Contents
Two-Way ANOVA vs. Regression: Understanding Interactions for Product Teams
When to use two-way ANOVA versus regression for analyzing experiments with multiple factors. Covers interactions, main effects, and practical interpretation for product analytics.
Quick Hits
- •Two-way ANOVA and regression with dummy variables give identical results
- •Interactions mean the effect of one factor depends on the level of another
- •Test interactions first—if significant, main effects alone are misleading
- •Regression is more flexible; ANOVA is often easier to interpret and communicate
TL;DR
Two-way ANOVA analyzes experiments with two categorical factors, decomposing variance into main effects and interactions. It's mathematically identical to regression with dummy variables. The critical concept is interaction: when the effect of Factor A depends on the level of Factor B. Always test interactions first—if present, main effects alone are misleading.
The Setup: Factorial Designs
You're testing two factors simultaneously:
- Factor A: New feature (present/absent)
- Factor B: Device type (mobile/desktop)
Instead of running separate experiments, a factorial design tests all combinations:
| Desktop | Mobile | |
|---|---|---|
| Control | Cell 1 | Cell 2 |
| Treatment | Cell 3 | Cell 4 |
This design lets you estimate:
- Main effect of A: Overall treatment effect (averaging across devices)
- Main effect of B: Overall device effect (averaging across treatment)
- A × B Interaction: Does treatment effect differ by device?
Main Effects vs.
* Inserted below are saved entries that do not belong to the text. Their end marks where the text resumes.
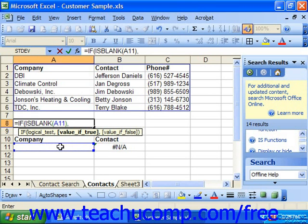So if cell A11 is blank, what do we want it to return? If it's going to return a calculation or a number, you could simply put in the function to perform. However, if it's going to be text, make sure that the text response is enclosed in double quotation marks. So if it's blank, we might want to put in some instructions on how to use it.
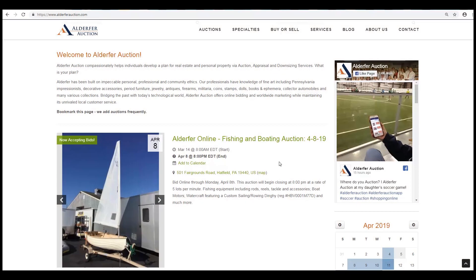Welcome to the Aldofer Auction Online Auction Bidding Platform. This tutorial will show you how to sign up for a personal account and register to bid in an online auction.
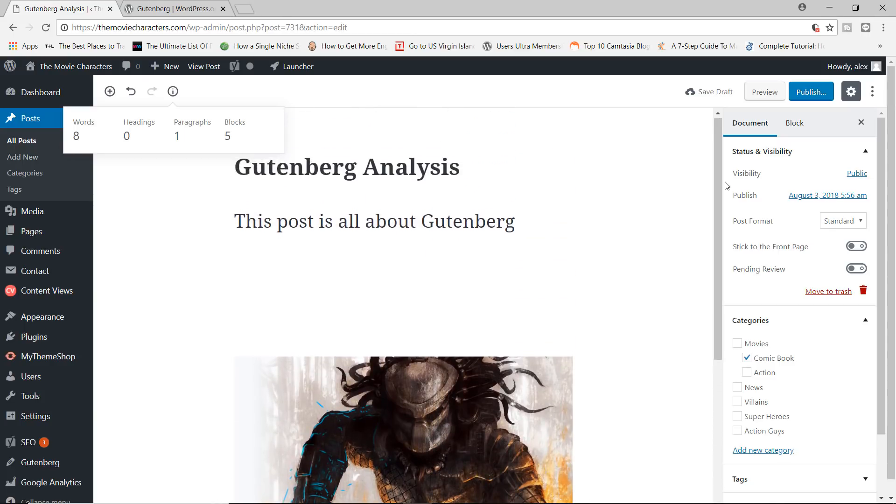All right. So that's pretty much it for Gutenberg. If you have any questions about this particular plugin, feel free to let me know. I'll be more than happy to answer your questions. Just put them in the comments section below.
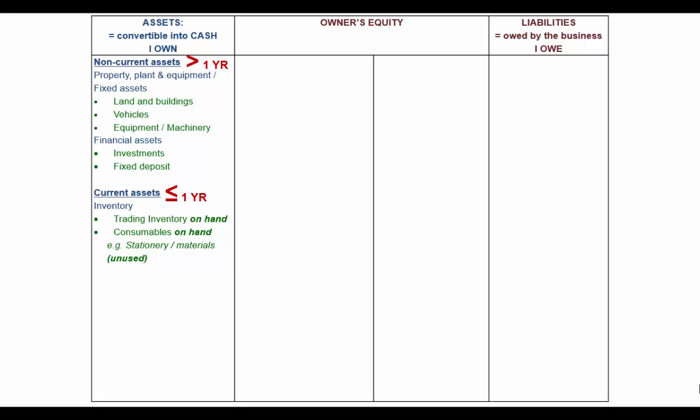Also under current assets are trade and other receivables. Trade receivables are my debtors — the people I have traded with who have not yet paid me. Accrued income means outstanding income, so somebody owes me and that is why it's receivable. Prepaid expenses means I have paid something in advance, so whoever I paid owes me what I've paid for or a refund — that also makes it receivable. Any refundable deposits, like for rent or water and electricity, are also receivable.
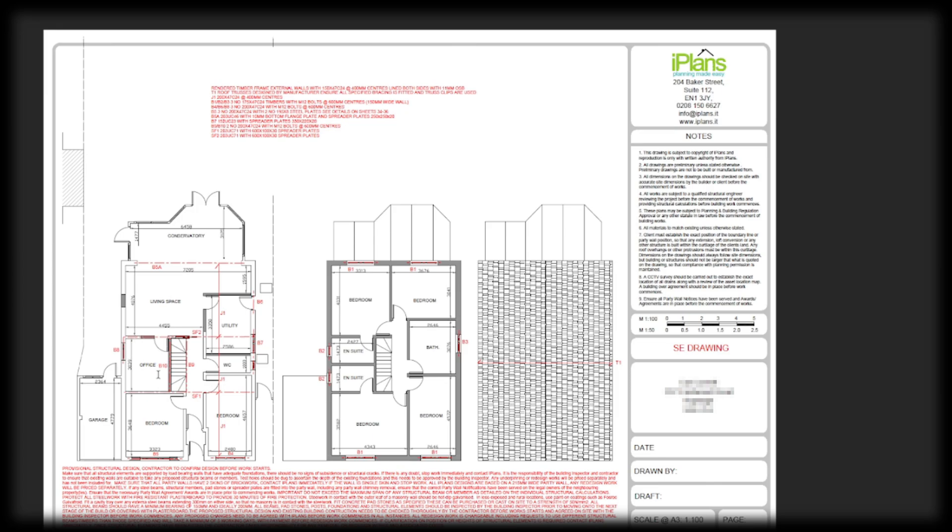So you'll have floor joists going across here sitting on the main front wall. You will then have joists in between the two steels and two doubled-up joists either side of the stairs. And then you have again the joists going onto the back.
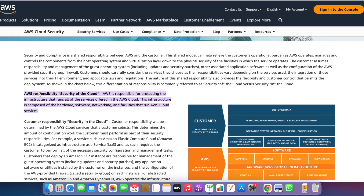Let's check that on the AWS website. AWS responsibility is security of the cloud. AWS is responsible for protecting the infrastructure that runs all the services offered in the AWS cloud. This infrastructure is composed of the hardware, software, networking, and facilities that run AWS cloud services.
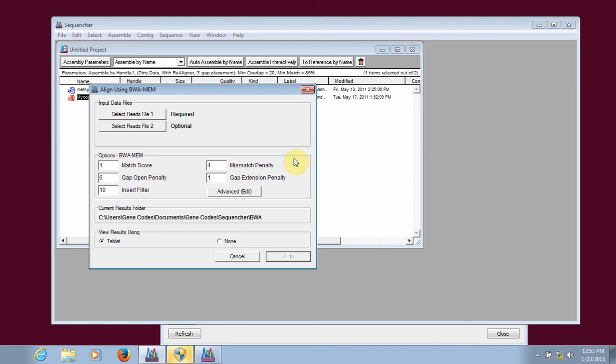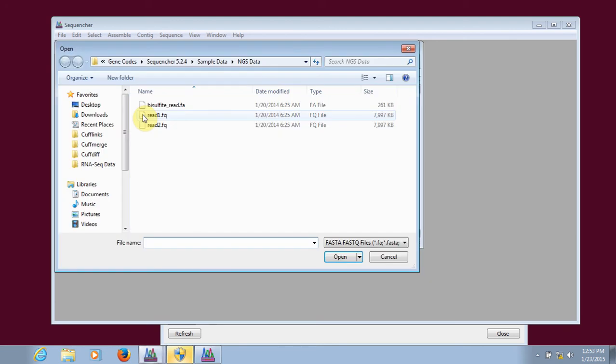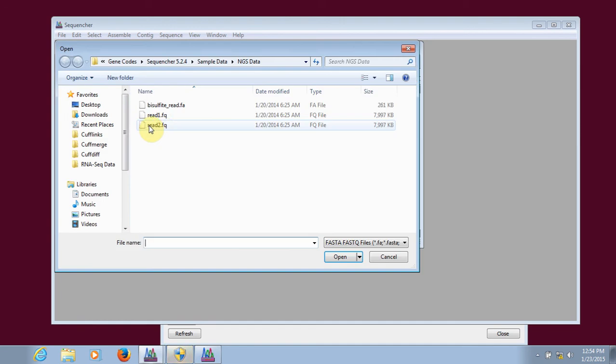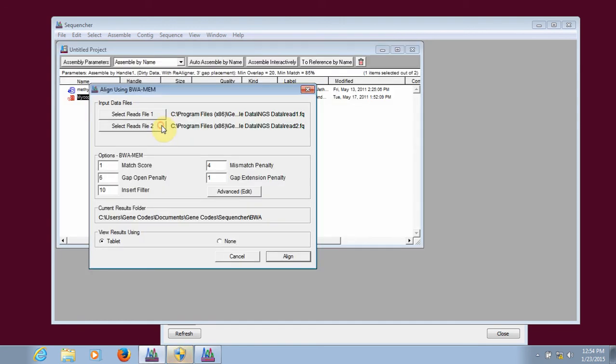To import the reads, I click on the Select Reads File 1 button, and then select the reads file. It's important to note that your reads files need to be in the FASTQ format. If you have paired-end reads, which I do, you also click on the Select Reads File 2 button, and then select the reads 2 file.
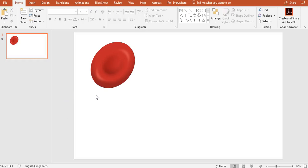Hello. In this video, I'm going to show you how to use PowerPoint to draw this picture, which is a picture of a red blood cell.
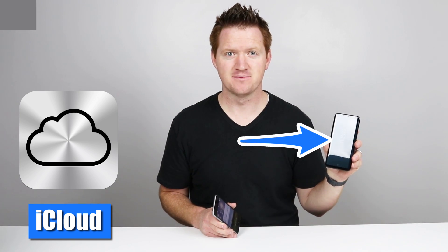In today's video I'm going to show you how to take the information backed up on your iPhone through iCloud and download it to your new Samsung Galaxy device. Let's get started.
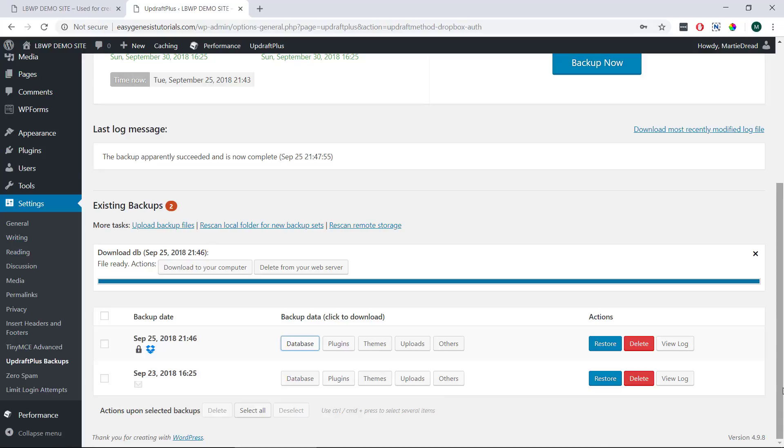So that's us now at the end of this video and that was how to backup WordPress in a matter of minutes using the Updraft Plus plugin.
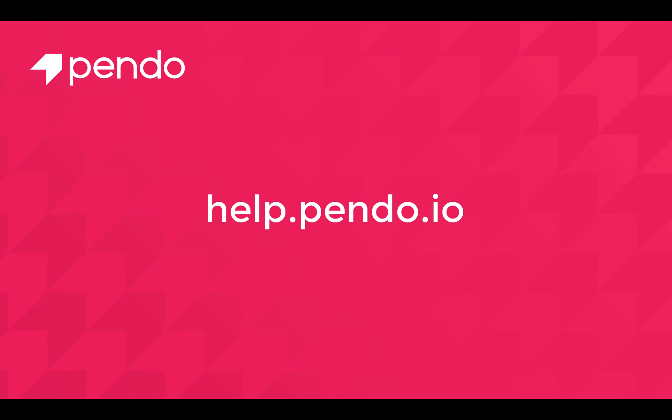If you need additional help, please visit our Help Center at help.pendo.io. Thanks for watching!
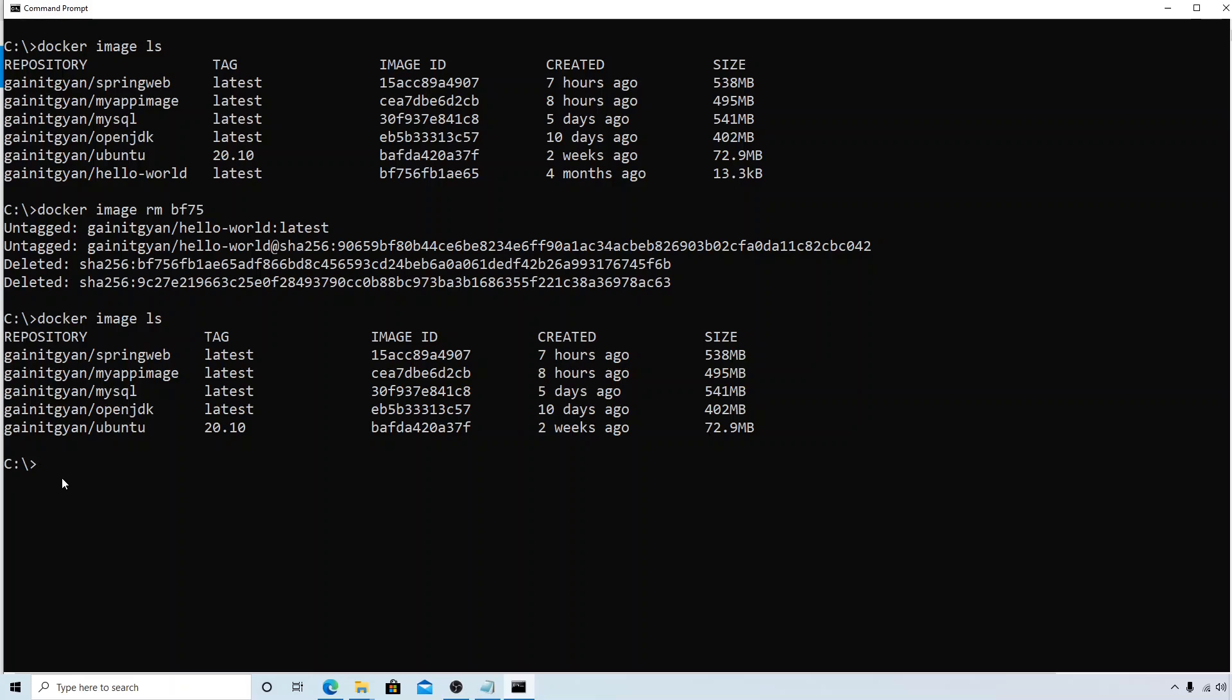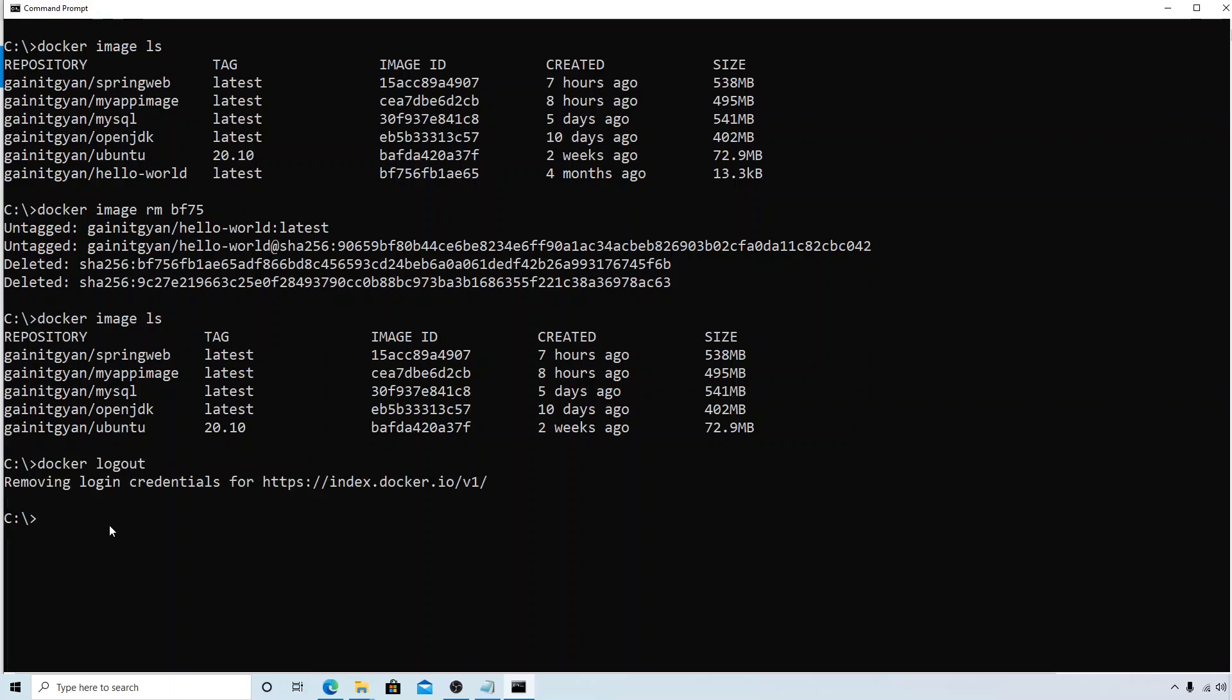Okay, so to do that, first thing is I need to log in. It's publicly available so you don't need to, but I'm already logged in, so let me try to first log out. Docker, and how to log out if you are already logged in is simple: it's logout. So now I am logged out of my Docker Hub account.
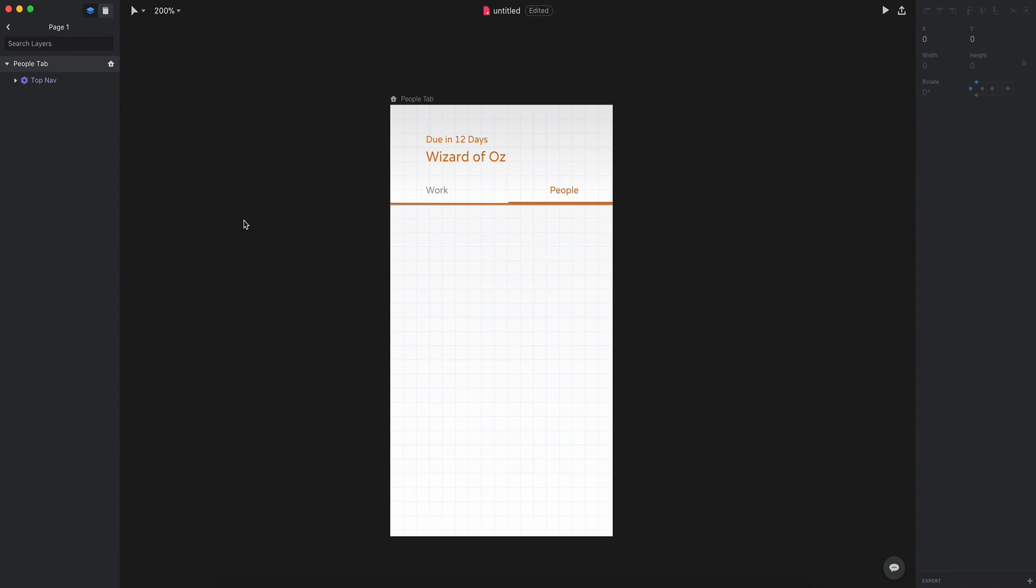Studio does a really nice job here and it's simple navigation to understand what you're doing in your design view versus what you're doing in building out your component library.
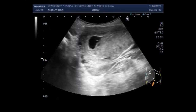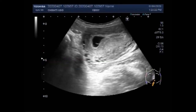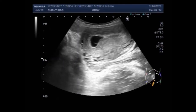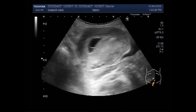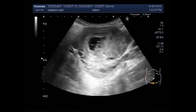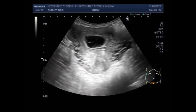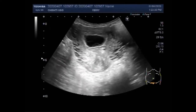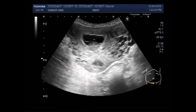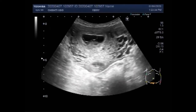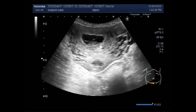In blighted ovum, the gestation sac forms and grows; however, the embryo does not develop. Blighted ovum is also known as anembryonic pregnancy. In the United Kingdom, miscarriage is defined as the loss of an intrauterine gestation sac with a diameter greater than 25 mm and no yolk sac.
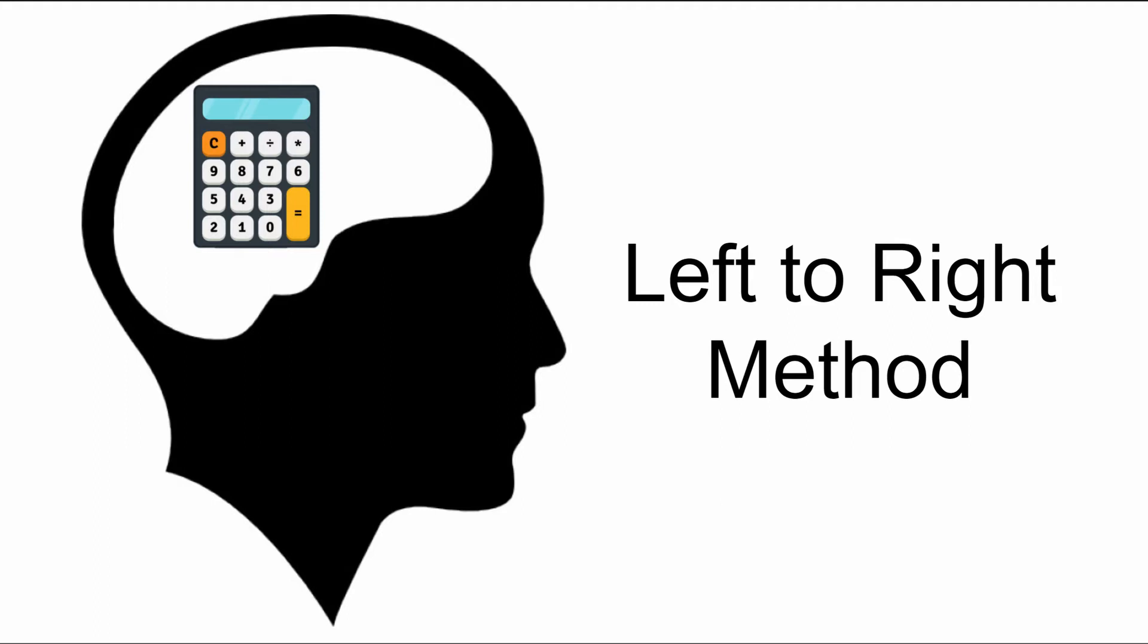So what is the left-to-right method, you may wonder? This is a method which allows you to do faster calculations in your own head.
Interactions
Main Effects
The average effect of a factor, ignoring (averaging over) the other factor.
import numpy as np
import pandas as pd
from scipy import stats
# Example data: 2x2 factorial
np.random.seed(42)
data = {
'control_desktop': np.random.normal(50, 10, 50),
'control_mobile': np.random.normal(48, 10, 50),
'treatment_desktop': np.random.normal(52, 10, 50),
'treatment_mobile': np.random.normal(58, 10, 50) # Big mobile lift!
}
# Calculate cell means
means = {k: np.mean(v) for k, v in data.items()}
print("Cell means:")
for k, v in means.items():
print(f" {k}: {v:.1f}")
# Main effect of treatment (averaging across device)
treatment_effect = ((means['treatment_desktop'] + means['treatment_mobile']) / 2 -
(means['control_desktop'] + means['control_mobile']) / 2)
print(f"\nMain effect of treatment: {treatment_effect:.1f}")
# Main effect of device (averaging across treatment)
device_effect = ((means['control_mobile'] + means['treatment_mobile']) / 2 -
(means['control_desktop'] + means['treatment_desktop']) / 2)
print(f"Main effect of device (mobile - desktop): {device_effect:.1f}")
Interactions
The effect of one factor depends on the level of another.
# Interaction: Does treatment effect differ by device?
treatment_effect_desktop = means['treatment_desktop'] - means['control_desktop']
treatment_effect_mobile = means['treatment_mobile'] - means['control_mobile']
print(f"\nTreatment effect on desktop: {treatment_effect_desktop:.1f}")
print(f"Treatment effect on mobile: {treatment_effect_mobile:.1f}")
print(f"Interaction (difference): {treatment_effect_mobile - treatment_effect_desktop:.1f}")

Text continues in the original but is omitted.